2~3年前、音楽業界がカセットテープ市場の復刻を狙っている時期があった。流行ってるってことにしてメディアも度々取り上げていたが、一部の物好きなアーティストがノベルティグッズとしてカセットシングルを発表していただけで、肝心のオーディオメーカーがかつての高品質なCDラジカセや安価のカセットテープを再販売することはなかったので、結局そのまま断ち切れてしまったムーブメントである。

ぼくはそれよりも少し前から、職場ではずっとカセットテープ生活を続けている。理由は、邪魔にならないサイズのCDラジカセだとCDの音飛びやエラーの頻度がひどいのだ。はじめから再生できないものまであるので頭にきて「じゃあカセットテープにしてやる!」ってことになった。自宅に1台だけ生き残ってる、信頼できるオーディオでCDからダビングして聴いているのだ。すっかり20世紀の学生時代と同じになり、マイテープの編集に明け暮れていた日々のことを時々思い出す。

そもそも、ぼくはカセットテープがとても好きだ。MDを手にしてからもその愛着はしばらく薄れなかった。何がいいのか、まずA面とB面がある。
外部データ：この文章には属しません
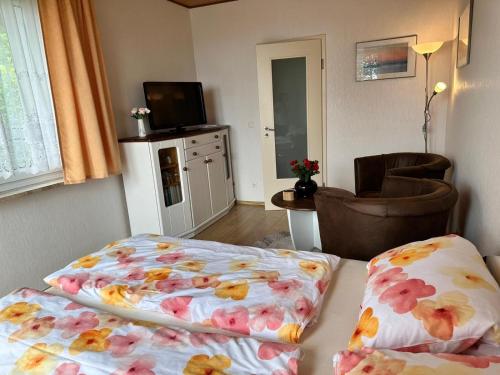 ein Hotelzimmer mit einem Bett und einem TV sowie einem Zimmer in der Unterkunft Ferienhaus Seeblick in Sassnitz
レコードと同様に裏表があるカセットの編集は、MD以降の音楽メディアよりもクリエイティブな気分が味わえた。音楽プロデューサーの真似事がしたい小僧の欲求が叶うわけである。

音質が著しく劣化することに関しては、既成作品と違うものを録音できるというポジティブな見方をしていた。好きな音楽が少し濁って聴こえる現象は、ラジオからふいに流れてきたときの趣にも似ているので、矛盾した感情ではあるが、なんか素敵に思えたものだ。今はそのラジオも、データ配信市場によりノイズ1つない聴取環境に画一化されていく傾向にあるようだが、そういうのって如何なものか。限度はあるにしろ、ラジオならやはり少しはパリパリ言ってみたらどうだ、みたいな気持ちがある。リスナーはわがままなのである。

カセットテープに編集するときは大概、紙とえんぴつを用意して収録曲の演奏時間を計算した。宿題のときよりも、たくさん数字を書いていた気がする。74分テープなら片面は37分で…とか真に受けてはならない。実際はそれより1分強は長く録音できる。ピッチリ入れたいもんだから、あらかじめテープを最後まで送ってデッキのカウンターを確認し、逆算して収録曲を決めたりしていた。とかく暇だったのだ。ベスト盤に絶対入らないコアな曲だけを集めて、オリジナルアルバムっぽく並べて聴くとか、しょっちゅうやった。誰に聴かせるでもなし。楽しかったんだな。

今、移動中手にしてるのはさすがにデジタルのウォークマンなんだけど。常時ナン千曲と音楽を持ち歩いていることは無粋だという価値観は、今世紀もまだぼくの中でA面のままである。